The selected models for fine-tuning are:

- **CodeBERT** (`microsoft/codebert-base`)
- **GraphCodeBERT** (`microsoft/graphcodebert-base`)
- **CodeT5** (`Salesforce/codet5-base`)

We will follow the steps below:
1. Load and filter the dataset
2. Tokenize source code
3. Format data for multi-label classification
4. Fine-tune selected transformer models
5. Evaluate and compare model performance

In [1]:
from src.training.data_utils import load_and_prepare_dataset

df, label_cols = load_and_prepare_dataset("../data/processed/merged_for_training.csv")

# Display class distribution
print("Number of samples:", len(df))
print("\nClass distribution:")
print(df[label_cols].sum())

Number of samples: 86043

Class distribution:
Long Method         1252
God/Large Class     3467
Feature Envy        1596
Data Class          2628
Clean              78109
dtype: int64


## Tokenization Strategy

Each of the transformer models requires source code to be tokenized in a specific way, depending on its architecture and tokenizer. We will use the HuggingFace `transformers` library to load the correct tokenizer for each model.

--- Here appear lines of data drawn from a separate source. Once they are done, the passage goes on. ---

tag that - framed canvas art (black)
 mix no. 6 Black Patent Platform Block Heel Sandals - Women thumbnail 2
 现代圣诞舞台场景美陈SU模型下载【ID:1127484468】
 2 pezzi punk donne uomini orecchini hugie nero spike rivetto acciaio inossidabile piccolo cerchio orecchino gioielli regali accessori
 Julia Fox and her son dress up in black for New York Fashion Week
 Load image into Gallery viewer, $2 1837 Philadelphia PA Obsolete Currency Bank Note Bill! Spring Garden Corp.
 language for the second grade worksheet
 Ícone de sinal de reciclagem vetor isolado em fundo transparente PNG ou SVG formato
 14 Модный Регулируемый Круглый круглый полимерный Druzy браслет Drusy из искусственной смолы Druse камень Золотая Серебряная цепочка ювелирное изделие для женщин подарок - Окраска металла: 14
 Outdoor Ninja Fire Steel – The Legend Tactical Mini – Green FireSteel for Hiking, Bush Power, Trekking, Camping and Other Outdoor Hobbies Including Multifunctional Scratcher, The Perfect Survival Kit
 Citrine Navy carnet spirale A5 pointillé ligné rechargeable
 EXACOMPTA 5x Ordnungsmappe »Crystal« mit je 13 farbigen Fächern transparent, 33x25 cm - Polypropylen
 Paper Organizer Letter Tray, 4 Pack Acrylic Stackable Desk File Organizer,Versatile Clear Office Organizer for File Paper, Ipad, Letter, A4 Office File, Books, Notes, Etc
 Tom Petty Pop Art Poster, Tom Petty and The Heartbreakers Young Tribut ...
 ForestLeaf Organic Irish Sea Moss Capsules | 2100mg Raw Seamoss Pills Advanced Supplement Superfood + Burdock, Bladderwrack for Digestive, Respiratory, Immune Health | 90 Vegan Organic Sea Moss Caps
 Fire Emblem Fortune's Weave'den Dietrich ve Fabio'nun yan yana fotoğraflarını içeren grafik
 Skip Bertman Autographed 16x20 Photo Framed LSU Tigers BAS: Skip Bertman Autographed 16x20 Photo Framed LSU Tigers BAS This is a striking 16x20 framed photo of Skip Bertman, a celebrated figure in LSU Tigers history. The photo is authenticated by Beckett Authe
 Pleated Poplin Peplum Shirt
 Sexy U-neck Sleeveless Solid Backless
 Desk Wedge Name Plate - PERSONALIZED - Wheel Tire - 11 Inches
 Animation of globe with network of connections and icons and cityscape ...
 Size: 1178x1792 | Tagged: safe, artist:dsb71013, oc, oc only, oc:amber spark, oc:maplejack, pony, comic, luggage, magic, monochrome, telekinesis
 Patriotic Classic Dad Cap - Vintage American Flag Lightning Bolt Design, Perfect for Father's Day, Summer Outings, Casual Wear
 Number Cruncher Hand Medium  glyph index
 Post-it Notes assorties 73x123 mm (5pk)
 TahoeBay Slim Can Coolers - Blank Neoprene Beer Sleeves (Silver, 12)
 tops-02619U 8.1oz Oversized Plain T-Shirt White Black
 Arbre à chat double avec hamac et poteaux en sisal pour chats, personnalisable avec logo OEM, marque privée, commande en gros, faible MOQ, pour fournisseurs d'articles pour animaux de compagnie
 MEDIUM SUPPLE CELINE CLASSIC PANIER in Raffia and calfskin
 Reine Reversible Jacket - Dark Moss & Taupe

We will use the `Code` column as input text and the five binary smell indicators as targets. As this is a **multi-label classification task**, the targets will be represented as binary vectors (e.g., `[1, 0, 1, 0, 0]`).

The tokenization will:
- truncate long inputs to the model's `max_length`
- pad shorter inputs
- return `input_ids` and `attention_mask` for training

## Fine-tune CodeBERT

In [None]:
from src.training.train_codebert import train_multilabel_transformer

train_multilabel_transformer(
    model_name="microsoft/codebert-base",
    df=df,
    label_cols=["Long Method", "God/Large Class", "Feature Envy", "Data Class", "Clean"],
    output_dir="../models/transformers"
)

## Fine-tune GraphCodeBERT

In [None]:
from src.training.train_codebert import train_multilabel_transformer

train_multilabel_transformer(
    model_name="microsoft/codebert-base",
    df=df,
    label_cols=["Long Method", "God/Large Class", "Feature Envy", "Data Class", "Clean"],
    output_dir="../models/transformers"
)